● Problem description: At the line containing "162 Spindrift Road", begin an exact copy of the lines below and continue through the final one, with no pictures.

● Given records:
<<<<
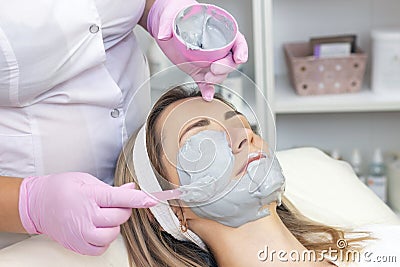 Young woman is wearing a gray alginate mask. Stock Photo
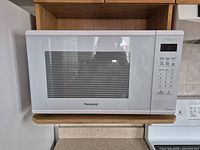 Front view of Panasonic white microwave oven with closed door showing keypad and LED display.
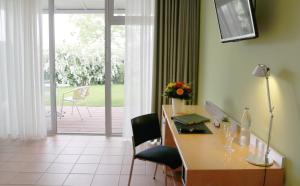 Habitación con escritorio, sillas y puerta corredera de cristal. en Seminarhotel in der Manfred-Sauer-Stiftung, en Lobbach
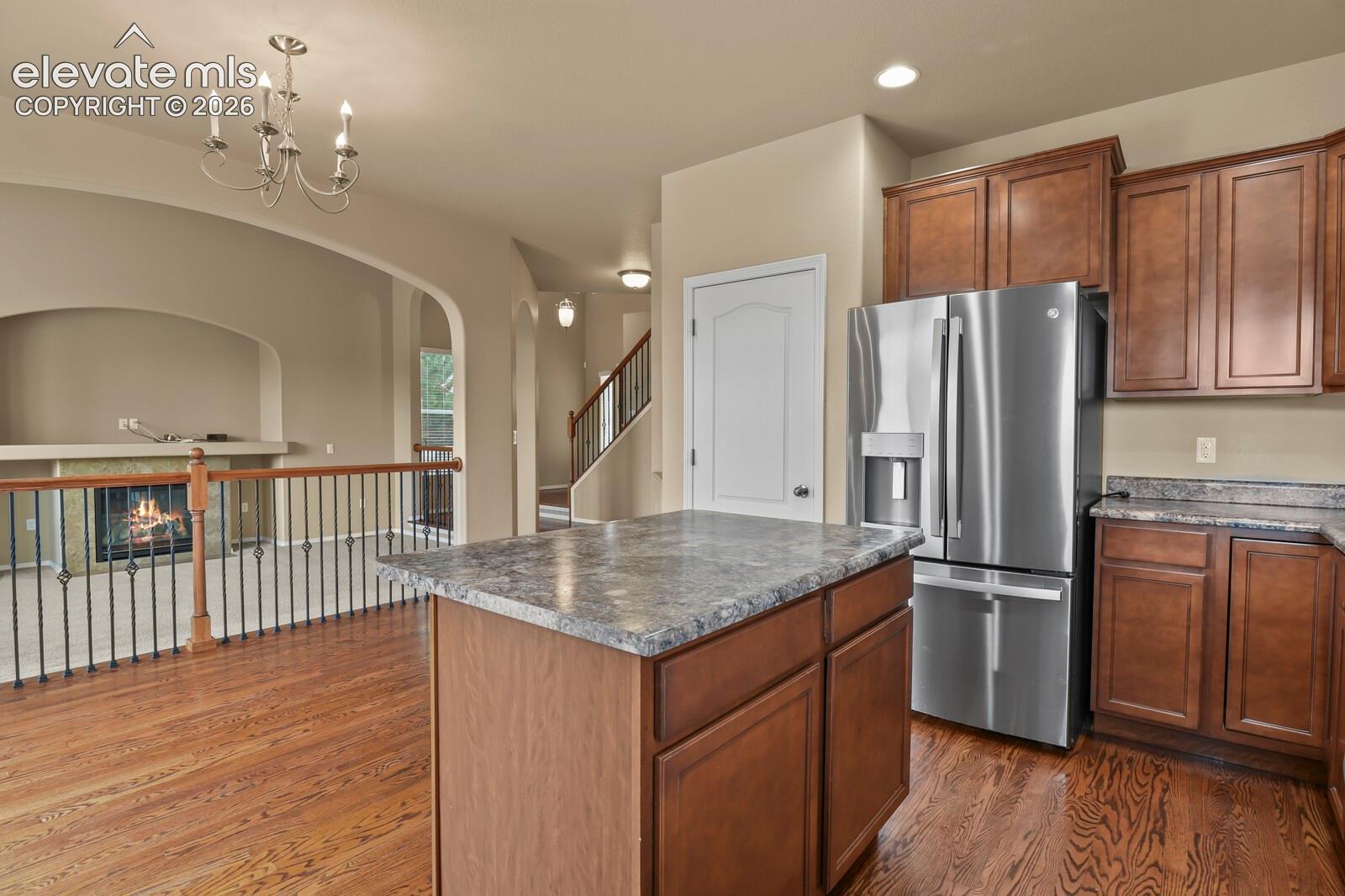 Kitchen featuring wood cabinetry, stainless steel refrigerator, and a central island with a stone-finish countertop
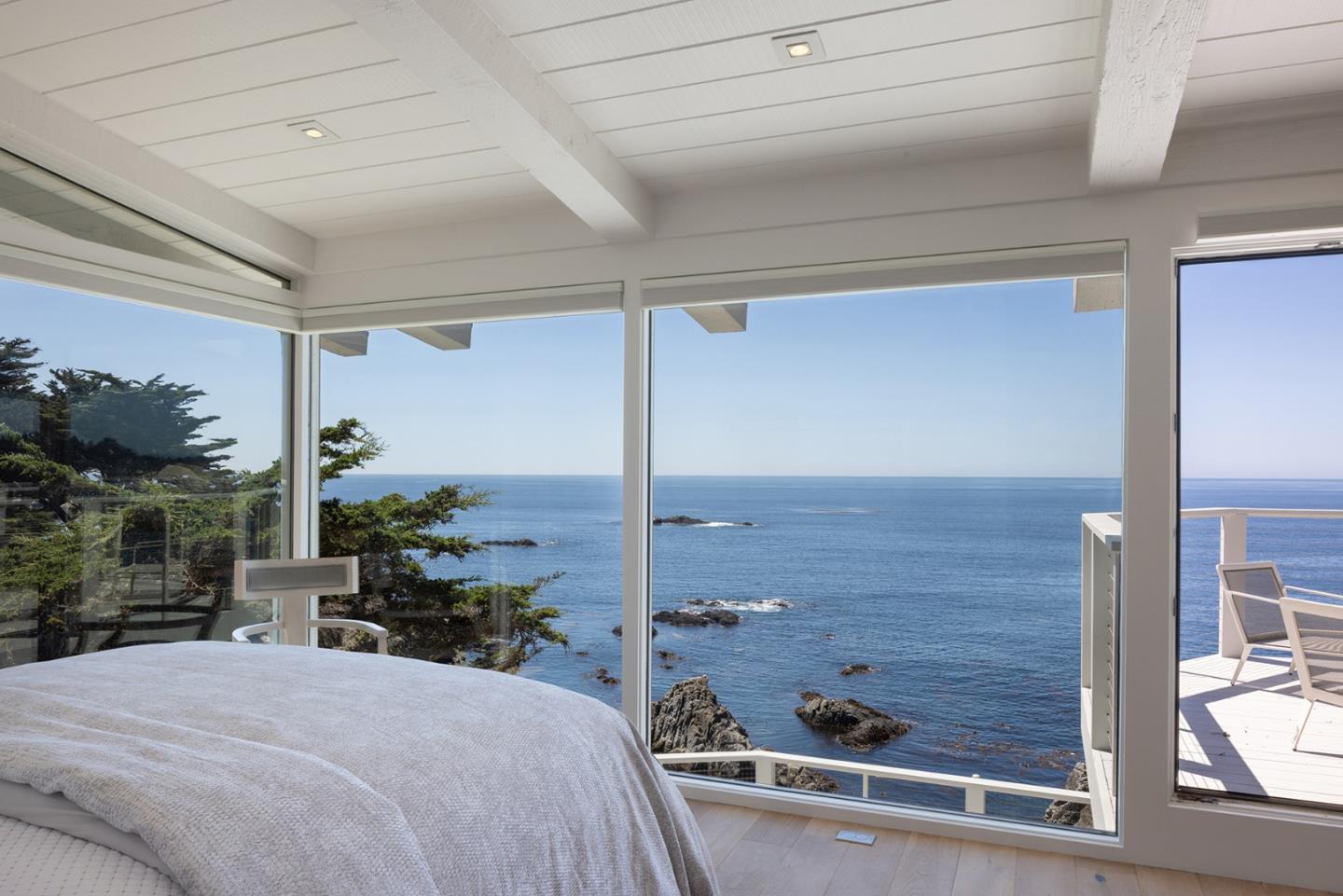 162 Spindrift Road Carmel, CA 93923 - Photo 18 of 34 a bedroom with a bed and large windows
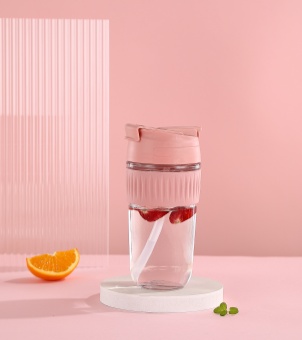 The Xinghuo Glass travel mug, displayed against a pink background, features a textured silicone sleeve designed to prevent burns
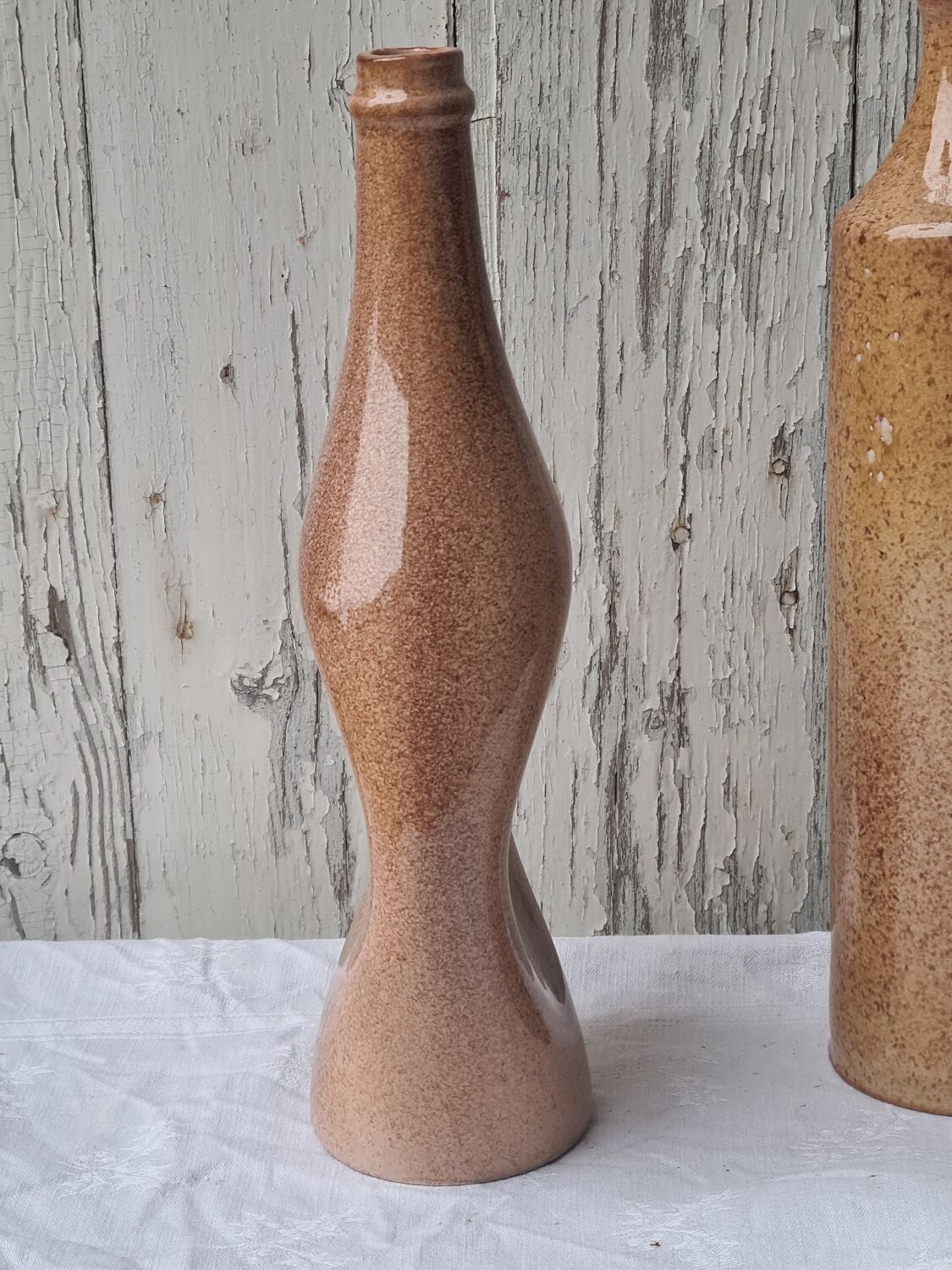 Two bottles glazed terracotta sculpture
>>>>
● Exercise response:
 162 Spindrift Road Carmel, CA 93923 - Photo 18 of 34 a bedroom with a bed and large windows
 The Xinghuo Glass travel mug, displayed against a pink background, features a textured silicone sleeve designed to prevent burns
 Two bottles glazed terracotta sculpture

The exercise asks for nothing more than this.